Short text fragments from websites
Content starts

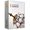 Autodesk Inventor 2024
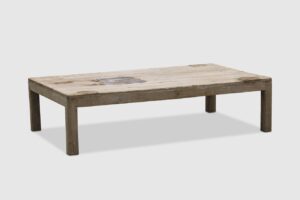 Portsmouth Table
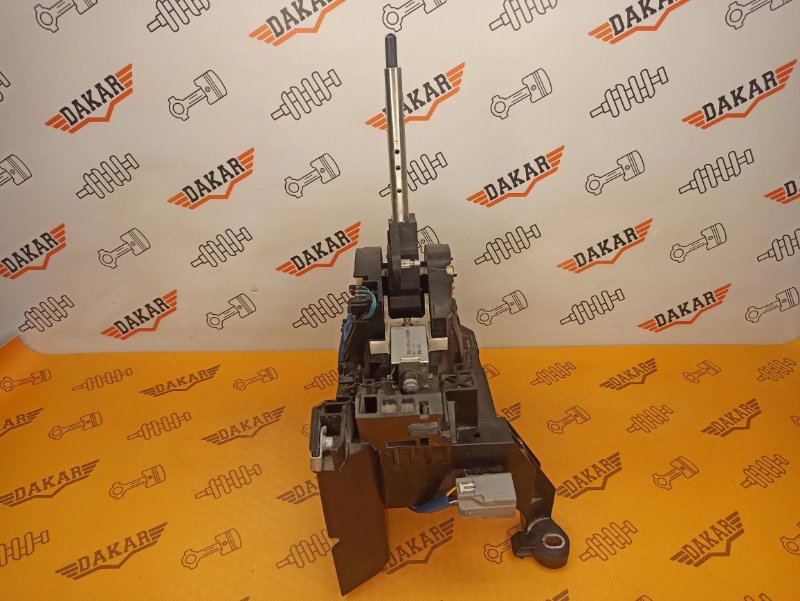 селектор акпп, 500 рублей, Екатеринбург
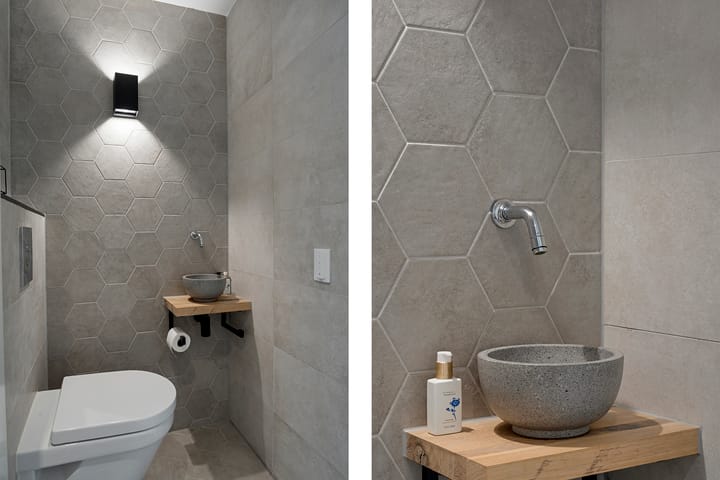 Photo 14 of Carolus Linnaeusborg 40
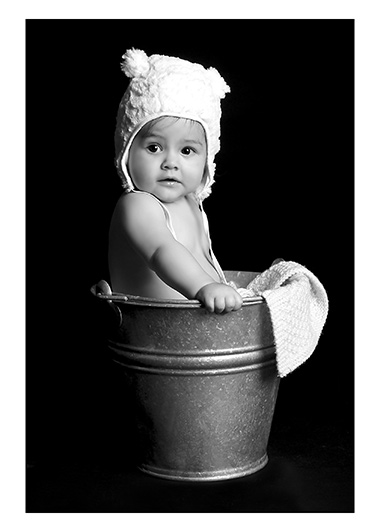 Fotografie Christine Krieger Fotograf Löhne Bad Oeynhausen Herford Fotostudio hochwertige Hochzeitsfotos exklusive Bewerbungsfotos. Familienfotos, Kinderbilder und Portraits sowie Babyfotos, Business Fotos und mehr.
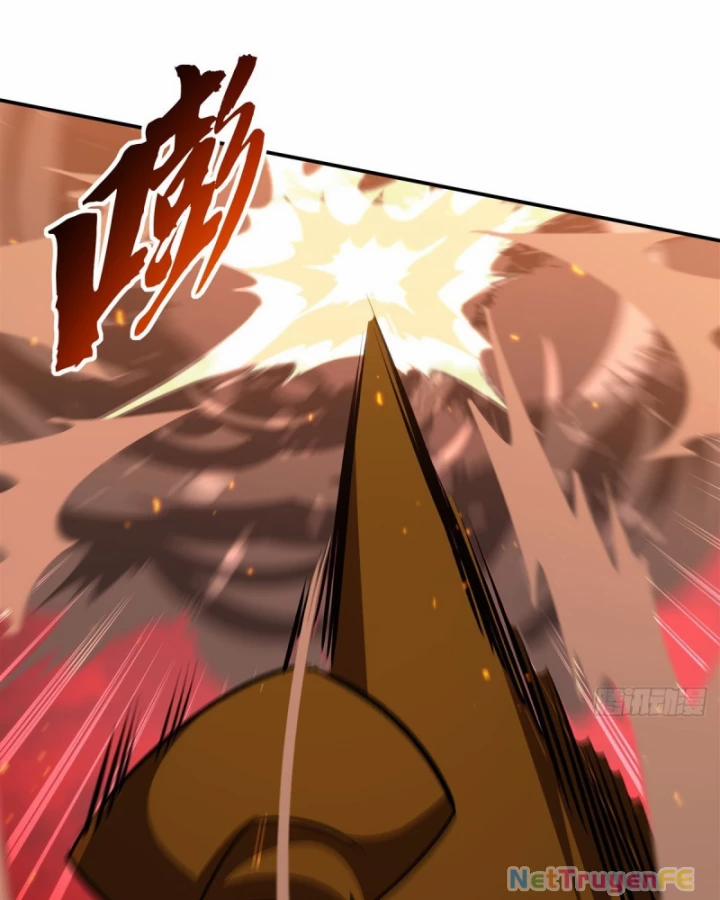 Huyết Cơ Và Kỵ Sĩ 344 trang 62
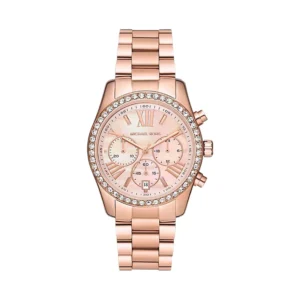 Photo de la montre Michael Kors MK7242 pour femme, vue du produit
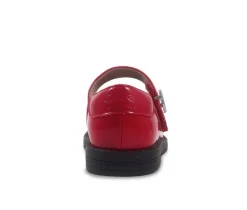 Girls' Jessica Simpson Toddler Evie Anika Mary Janes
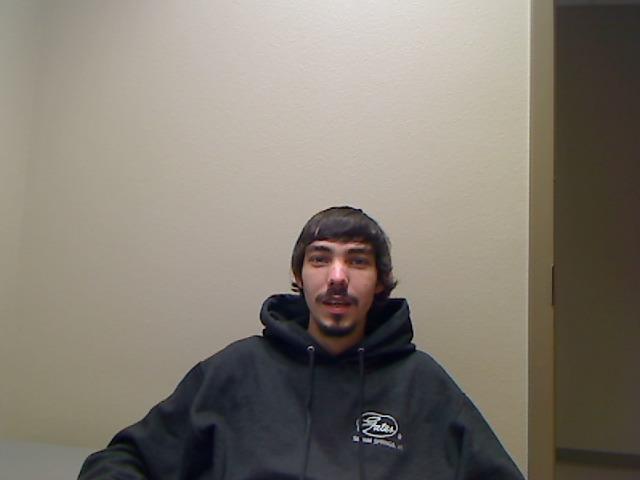 Kyle Joseph Reyes a registered Sex Offender of Arkansas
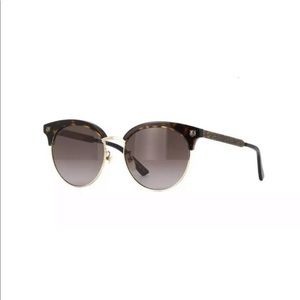 *SOLD* Gucci Sunglasses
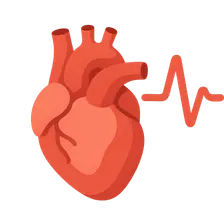 Hypertension and Hypertensive Emergencies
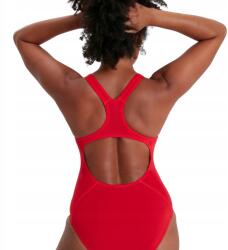 Speedo Egyrészes jelmez Speedo 44 piros (8-134716446)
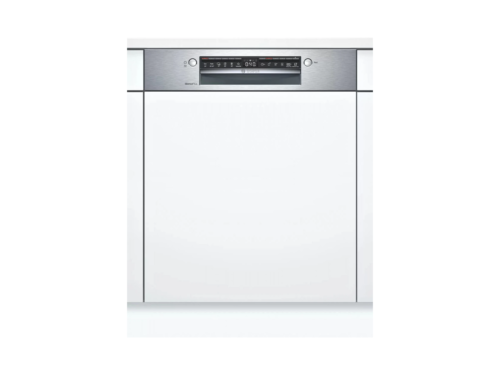 Máy rửa bát âm tủ BOSCH SMI4HAS48E|Serie 4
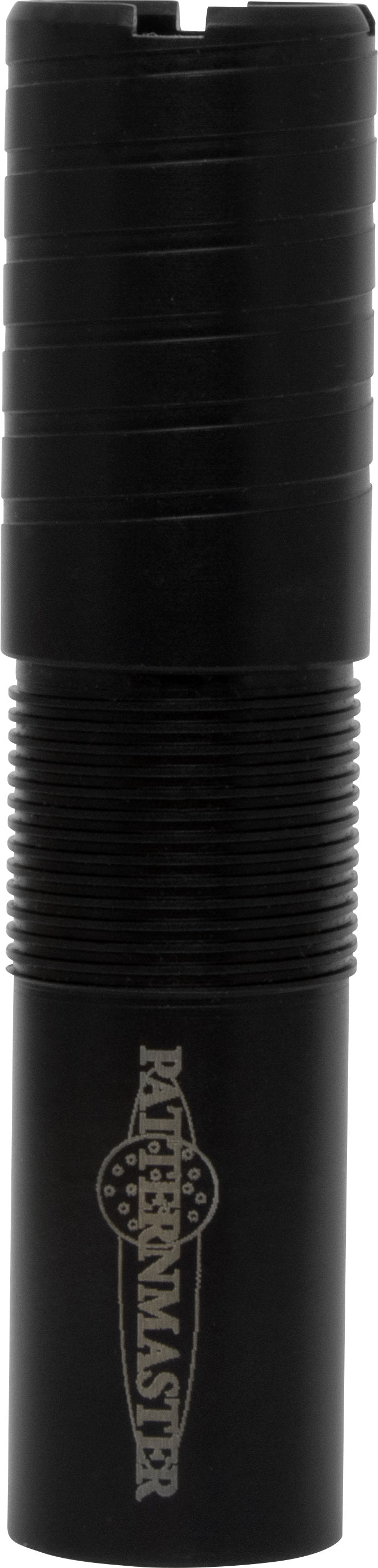 12ga Remington Pro Bore Black Mamba 0.690 (5650)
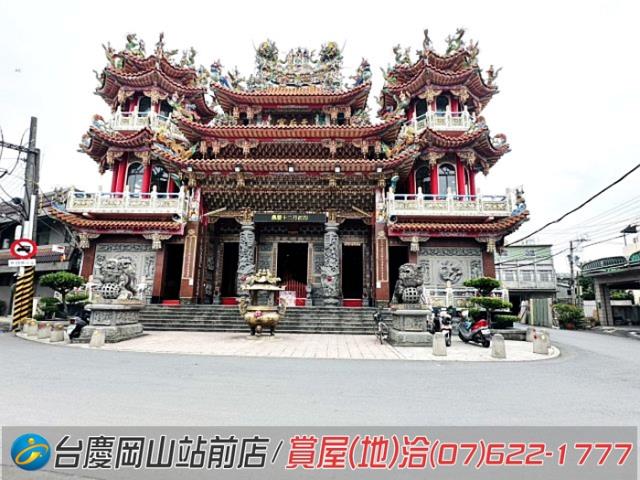 橋頭透天-6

Content ends

» Directions
Your task is to repeat the opening line of the entries above and each line after it, ending with the line that has "Hypertension and Hypertensive Emergencies". Do not include the pictures.

» The answer
 Autodesk Inventor 2024
 Portsmouth Table
 селектор акпп, 500 рублей, Екатеринбург
 Photo 14 of Carolus Linnaeusborg 40
 Fotografie Christine Krieger Fotograf Löhne Bad Oeynhausen Herford Fotostudio hochwertige Hochzeitsfotos exklusive Bewerbungsfotos. Familienfotos, Kinderbilder und Portraits sowie Babyfotos, Business Fotos und mehr.
 Huyết Cơ Và Kỵ Sĩ 344 trang 62
 Photo de la montre Michael Kors MK7242 pour femme, vue du produit
 Girls' Jessica Simpson Toddler Evie Anika Mary Janes
 Kyle Joseph Reyes a registered Sex Offender of Arkansas
 *SOLD* Gucci Sunglasses
 Hypertension and Hypertensive Emergencies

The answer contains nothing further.